[Stored data]
• • • • • • •

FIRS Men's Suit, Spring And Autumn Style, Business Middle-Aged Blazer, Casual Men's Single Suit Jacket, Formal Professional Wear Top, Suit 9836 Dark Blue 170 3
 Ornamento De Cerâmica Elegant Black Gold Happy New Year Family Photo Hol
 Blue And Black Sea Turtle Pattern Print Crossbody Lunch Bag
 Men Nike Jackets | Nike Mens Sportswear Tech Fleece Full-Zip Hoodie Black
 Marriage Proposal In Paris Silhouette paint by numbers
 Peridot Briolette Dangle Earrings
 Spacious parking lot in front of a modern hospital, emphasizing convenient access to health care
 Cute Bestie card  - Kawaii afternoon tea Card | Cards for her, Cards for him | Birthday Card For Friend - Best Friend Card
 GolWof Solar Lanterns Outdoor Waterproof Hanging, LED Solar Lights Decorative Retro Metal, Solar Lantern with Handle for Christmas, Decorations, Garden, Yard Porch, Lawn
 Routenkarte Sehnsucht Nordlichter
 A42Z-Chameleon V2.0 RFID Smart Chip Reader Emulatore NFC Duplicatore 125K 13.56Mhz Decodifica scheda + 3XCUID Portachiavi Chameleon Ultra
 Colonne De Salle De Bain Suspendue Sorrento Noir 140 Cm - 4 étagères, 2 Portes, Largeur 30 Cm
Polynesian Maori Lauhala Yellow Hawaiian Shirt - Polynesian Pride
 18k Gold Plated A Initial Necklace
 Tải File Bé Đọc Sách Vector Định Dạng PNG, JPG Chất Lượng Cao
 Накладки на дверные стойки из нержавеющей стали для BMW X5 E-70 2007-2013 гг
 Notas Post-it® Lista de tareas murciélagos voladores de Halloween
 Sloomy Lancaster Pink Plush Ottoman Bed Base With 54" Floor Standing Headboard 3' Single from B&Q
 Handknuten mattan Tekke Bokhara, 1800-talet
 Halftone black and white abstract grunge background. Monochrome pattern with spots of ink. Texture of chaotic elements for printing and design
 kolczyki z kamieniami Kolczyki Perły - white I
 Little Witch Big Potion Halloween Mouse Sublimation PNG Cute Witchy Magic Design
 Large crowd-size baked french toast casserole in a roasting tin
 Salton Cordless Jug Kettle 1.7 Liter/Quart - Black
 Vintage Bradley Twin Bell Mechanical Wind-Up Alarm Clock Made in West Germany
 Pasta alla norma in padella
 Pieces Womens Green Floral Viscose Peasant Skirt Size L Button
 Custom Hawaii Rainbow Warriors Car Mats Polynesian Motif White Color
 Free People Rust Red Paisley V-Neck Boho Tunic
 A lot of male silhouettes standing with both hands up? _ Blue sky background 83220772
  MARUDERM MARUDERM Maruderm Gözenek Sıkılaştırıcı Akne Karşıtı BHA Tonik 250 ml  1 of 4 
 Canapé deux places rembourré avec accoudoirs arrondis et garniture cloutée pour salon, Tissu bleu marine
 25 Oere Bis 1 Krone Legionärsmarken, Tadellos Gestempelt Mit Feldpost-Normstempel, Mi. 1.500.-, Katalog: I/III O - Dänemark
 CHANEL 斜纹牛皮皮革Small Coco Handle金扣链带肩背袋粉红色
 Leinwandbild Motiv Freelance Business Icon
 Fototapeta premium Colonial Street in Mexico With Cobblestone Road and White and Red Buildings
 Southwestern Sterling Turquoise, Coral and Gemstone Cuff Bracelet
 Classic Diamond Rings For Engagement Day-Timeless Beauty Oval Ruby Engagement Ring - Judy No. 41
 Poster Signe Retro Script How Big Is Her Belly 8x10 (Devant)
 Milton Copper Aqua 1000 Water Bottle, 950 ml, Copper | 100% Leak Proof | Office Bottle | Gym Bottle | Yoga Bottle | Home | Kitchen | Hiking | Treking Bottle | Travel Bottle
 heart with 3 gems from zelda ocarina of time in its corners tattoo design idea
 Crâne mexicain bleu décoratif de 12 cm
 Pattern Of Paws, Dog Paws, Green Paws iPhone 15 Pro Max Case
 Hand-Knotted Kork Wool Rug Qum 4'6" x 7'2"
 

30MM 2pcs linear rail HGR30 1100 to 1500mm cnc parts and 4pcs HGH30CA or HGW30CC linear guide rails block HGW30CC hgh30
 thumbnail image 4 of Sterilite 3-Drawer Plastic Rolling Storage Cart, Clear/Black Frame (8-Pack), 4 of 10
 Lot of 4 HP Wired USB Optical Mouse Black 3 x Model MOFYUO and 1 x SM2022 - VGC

• • • • • • •

## PROBLEM STATEMENT
Copy the lines above exactly. Start with the line containing "Ornamento De Cerâmica", end with the line containing "Cute Bestie card", and include both.

## ANSWER FOR THE TASK
 Ornamento De Cerâmica Elegant Black Gold Happy New Year Family Photo Hol
 Blue And Black Sea Turtle Pattern Print Crossbody Lunch Bag
 Men Nike Jackets | Nike Mens Sportswear Tech Fleece Full-Zip Hoodie Black
 Marriage Proposal In Paris Silhouette paint by numbers
 Peridot Briolette Dangle Earrings
 Spacious parking lot in front of a modern hospital, emphasizing convenient access to health care
 Cute Bestie card  - Kawaii afternoon tea Card | Cards for her, Cards for him | Birthday Card For Friend - Best Friend Card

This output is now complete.